Kamis, 23 April 2026

Google Map Bantu Menyortir Calon Siswa SMPN 26

Berita Terkait

batampos.co.id – Memasuki hari pertama Pendaftaran peserta didik baru (PPDB) di SMPN 26 terlihat animo orang tua wali murid yang hendak mendaftarkan anaknya di sekolah tersebut, Selasa (14/5/2019).

Pantauan di lapangan, terdapat puluhan wali murid mengantri untuk menyerahkan berkas perdaftaran ke panitia. Mereka pun rela menunggu sejak pagi hari demi dapat nomor antrian pendaftaran peserta didik baru.

Menurut informasi yang didapat pembukaan pendaftaraan dibuka pada 08.00 hingga 12.00 siang hari.

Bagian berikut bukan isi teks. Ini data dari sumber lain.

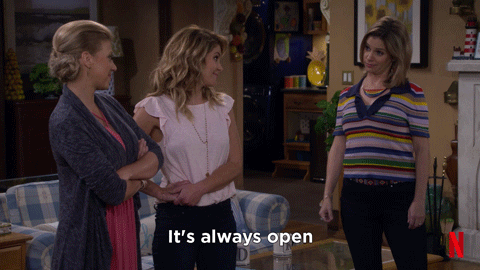Three Women Standing In Living Room Says It's Always Open GIF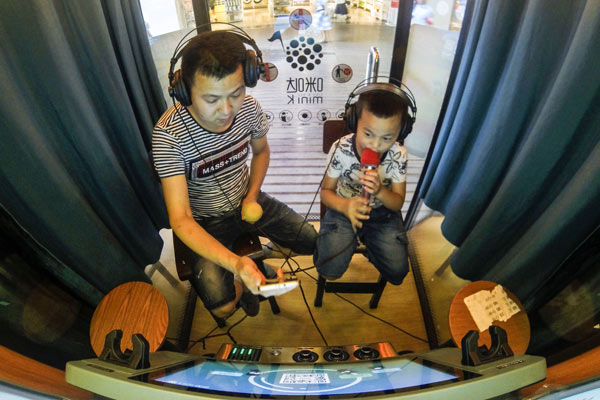 Customers sing at the mini karaoke booths in the basement of the Tianfu Square in Chengdu, capital of Sichuan province. There are four such mini booths here. It will cost 80 yuan ($11.6) for an hour of singing. (Photo by Hao Fei/For China Daily)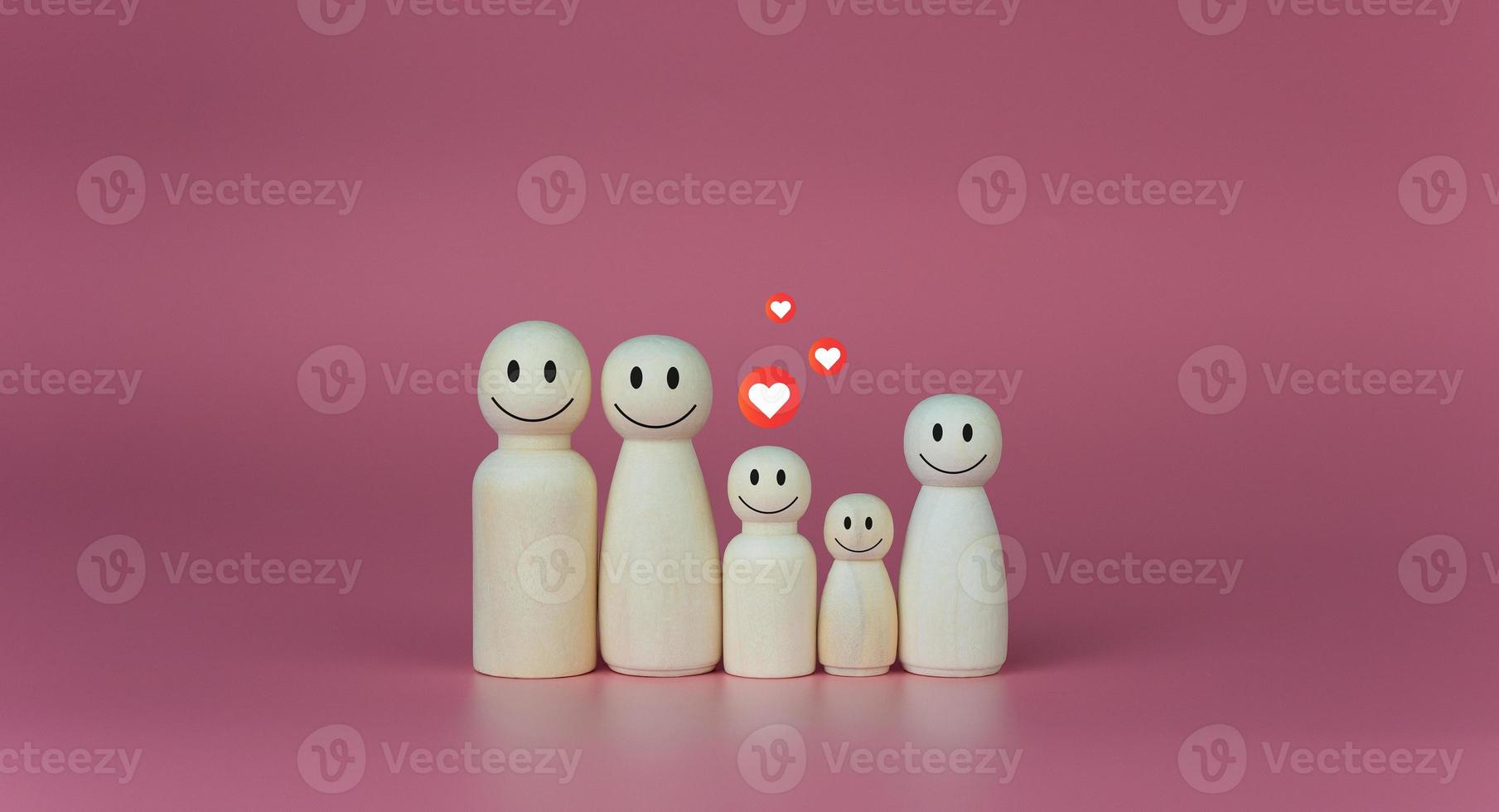 Happy house concept. Wooden dolls stand lined up with heart icons. Indicates happiness and love in the home. photo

“Sudah mengantri dari jam 07.00, dan sudah dapat nomor antrian ke 79 mudah-mudahan masih bisa di input ke data, besoknya juga mau ke SMPN 11 karena satu zonasi,” kata Imelda, Warga Buliang.

Sementara itu, Ketua Panitia PPDB SMPN 26, Susilawaty mengatakan untuk hari pertama ini membuka nomor pendaftaran hingga 700-an dan menjelang siang ini masih tersisa.

Pada hari pertama ini juga terlihat antusias orang tua siswa yang ingin mendaftar anaknya sebelum jam kerja sesuai juknis yang di buka dari jam 08.00 pagi sampai 12.00 siang.

“Pelayanan jam kerja sesuai dengan juknis lalu peserta mengisi formulir dan penginputan data per hari dibatasi hanya 40 peserta saja,” ungkapnya, Selasa (14/5).

Dengan menggunakan applikasi google maps sangat membantu dalam menyortir alamat rumah dari peserta PPDB.

Saat ini, SMPN 26 melayani dua kelurahan yakni Buliang dan Bukit Tempayan.

Sebab lokasi SMPN 26 satu zonasi dengan SMPN 11 maka pendaftar ditentukan melalui jarak alamat rumah siswa pendaftar dengan SMPN 11 dengan jarak rumah SMPN 26 .

“Karena kelurahan Buliang dapat memilih dua sekolah tersebut, maka yang diambil nantinya sesuai dengan kesepakatan juknis yaitu rumah terdekat dengan tujuan sekolah,” paparnya

Ia menambahkan, apabila animo pendaftar tetap ingin mendaftar di SMPN 26 namun tak tertampung lagi, maka akan ada laporan ke Dinas Pendidikan, lalu keputusan dari Dinas langsung ke bagian kurikulum. Sedangkan untuk siswa berprestasi akan diberi jatah lima persen dari daya tampung yang mencapai 252 siswa yang terbagi dalam tujuh lokal.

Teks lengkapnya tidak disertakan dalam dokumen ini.